At any rate, the Mmengo Lubiri is the official residence for Kabaka wa Buganda ow’Ennono. It was stolen from the Kingdom of Buganda in 1966, and remains stolen. It was not stolen from Mmengo or from “Kabaka of Buganda.” I will get back to this discussion in a moment.
On November 30, 2016, on page 5, New Vision quoted Mr. Mayiga as saying that Ssaabasajja Kabaka Muwenda Mutebi II had “agreed to free 260 acres of his Lubiri Palace to investors to generate revenue for his Kingdom.”
In my opinion, no square inch of the Lubiri may be sold or rented because, as a mentor told me, it and other Buganda palaces must be preserved because of the role they play which is central in obuwangwa bw’Abaganda (identity and national characteristics of Baganda) and our clan system.
Each clan has a cultural role (omulimu omutongole ogw’Ennono) at the Kabaka’s Court. Thus, the palace is where a microcosm of the interaction between Kabaka wa Buganda ow’Ennono and his subjects occurs—it is both cultural and religious.
Kabaka wa Buganda ow’Ennono is not merely “cultural leader,” the belittling title which Museveni and Mmengo used to register Kabaka Mutebi in the 1995 NRM constitution.
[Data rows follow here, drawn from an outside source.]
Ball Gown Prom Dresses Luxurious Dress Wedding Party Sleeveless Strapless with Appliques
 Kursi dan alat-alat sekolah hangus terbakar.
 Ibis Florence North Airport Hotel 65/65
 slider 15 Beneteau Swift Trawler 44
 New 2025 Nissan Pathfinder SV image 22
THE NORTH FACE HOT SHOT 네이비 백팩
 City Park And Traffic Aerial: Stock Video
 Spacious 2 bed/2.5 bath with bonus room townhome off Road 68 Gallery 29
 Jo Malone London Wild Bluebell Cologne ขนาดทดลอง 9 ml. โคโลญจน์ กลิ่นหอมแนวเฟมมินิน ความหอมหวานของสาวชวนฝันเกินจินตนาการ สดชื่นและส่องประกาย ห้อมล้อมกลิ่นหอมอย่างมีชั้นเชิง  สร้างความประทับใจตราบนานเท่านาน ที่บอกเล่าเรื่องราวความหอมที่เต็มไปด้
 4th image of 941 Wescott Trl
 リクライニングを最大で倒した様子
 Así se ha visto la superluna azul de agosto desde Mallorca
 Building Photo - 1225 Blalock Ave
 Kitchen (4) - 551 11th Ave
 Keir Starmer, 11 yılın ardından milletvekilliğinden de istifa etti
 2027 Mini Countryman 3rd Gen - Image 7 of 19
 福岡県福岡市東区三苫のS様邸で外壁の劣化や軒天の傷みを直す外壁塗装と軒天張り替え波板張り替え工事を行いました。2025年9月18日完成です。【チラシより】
He is our pontifex maximus—Latin for highest priest.
We Roman Catholics call the Pope pontifex maximus and our palace is in the Vatican City state. It is there that Pope Francis presides today as our highest priest and custodian of our symbols of faith. But he is not the papacy—for the papacy is the office and source of authority in the Catholic Church.
The office of Kabaka wa Buganda ow’Ennono is no different. Like the papacy, it is fundamental. It is the highest office in Buganda and the source of authority in the kingdom. Mutebi II, its current occupant, is neither this office nor the kingdom which does not change. Kabaka changes from time to time.
A prince becomes Kabaka wa Buganda upon ascending to the throne (Bw’alya Obuganda), becoming the occupant of the office “Kabaka wa Buganda ow’Ennono.” He immediately takes on the responsibility of leading and protecting his subjects and their national assets, such as the Lubiri, per Ennono.
The custodial responsibilities of a Kabaka cease when he leaves the office upon becoming Ssekabaka. Upon this, the Lukiiko lw’Abataka ba Buganda select a prince to succeed him; the prince ascends to the throne and becomes the new Kabaka.
Before Ssekabaka Basammula-Ekkere Mwanga II ascended to the throne to become the new Kabaka in 1884, after his father Walugembe Kayiira Muteesa I became Ssekabaka, Buganda was still growing. Baganda would build a new palace wherever the new Kabaka chose to establish court (okukuba olubiri). It helped stretch and consolidate the kingdom’s borders. Each new palace was the kingdom’s capital; and Baganda built it to be the Kabaka’s official residence and, in many cases, his mausoleum but not his personal property.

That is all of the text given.